The simple consequence of globalization and economic integration is that _what
everyone does affects everyone else_ , and the networks of flow in
information, energy, and physical commodities are so dense that it becomes
very difficult to attribute cause and effect (and therefore moral
responsibility) to any one actor.

If it wasn't Facebook, it would've been someone else. That's not to absolve
Facebook of its behavior, just noting that there are strong incentives in
place that encourage interoperability and therefore efficiency that resulted
in its actions, and these incentives affect every organization worldwide.

The only way to prevent this is to build barriers to control the flow and pay
the very high price of loss in efficiency. China is way ahead of things in
that sense.

------
aaavl2821
I am not familiar with the terms of these kinds of data sharing agreements,
but I know most US confidentiality agreements include a term that enables
companies to share confidential data with governments if required by law. Most
agreements if not all also contain a clause that companies take reasonable
best efforts to try to resist or narrow such requests.

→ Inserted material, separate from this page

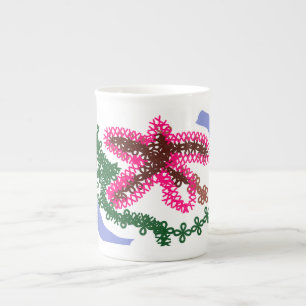 Tasse En Porcelaine Étoiles de mer adorent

I believe I've heard
that tech companies can successfully do this on occassion

So even confidential company info can be taken by the government. In the US I
think there are practical limits on this and companies have some ability and
willingness to resist. From my limited experience the latter is not always the
case in china, and I'd imagine the former is less true as well

------
anonu
I'm kinda thinking of Chipotle's pr nightmare over food safety. This is
similar. Facebook isn't going to die but people will be far less enamored by
it going forward.

Usage metrics have already been ticking down.

------
jlebrech
This will be the downfall of Facebook, every country wants them to give them
data while at the same time wanting to protect their citizen from data being
given to other countries. and countries wanting data about their citizens
probably contravenes human rights.

------
shashanoid
The first thing that comes in my mind:
[https://media.giphy.com/media/3oEjHCWdU7F4hkcudy/giphy.gif](https://media.giphy.com/media/3oEjHCWdU7F4hkcudy/giphy.gif)

------
g0dg0d
So in other words, Zuckerberg lied.

------
nraynaud
let's try to replace one word: "Facebook confirms data sharing with Jewish
companies". You see what kind of ideology this is spreading? Being Chinese is
bad?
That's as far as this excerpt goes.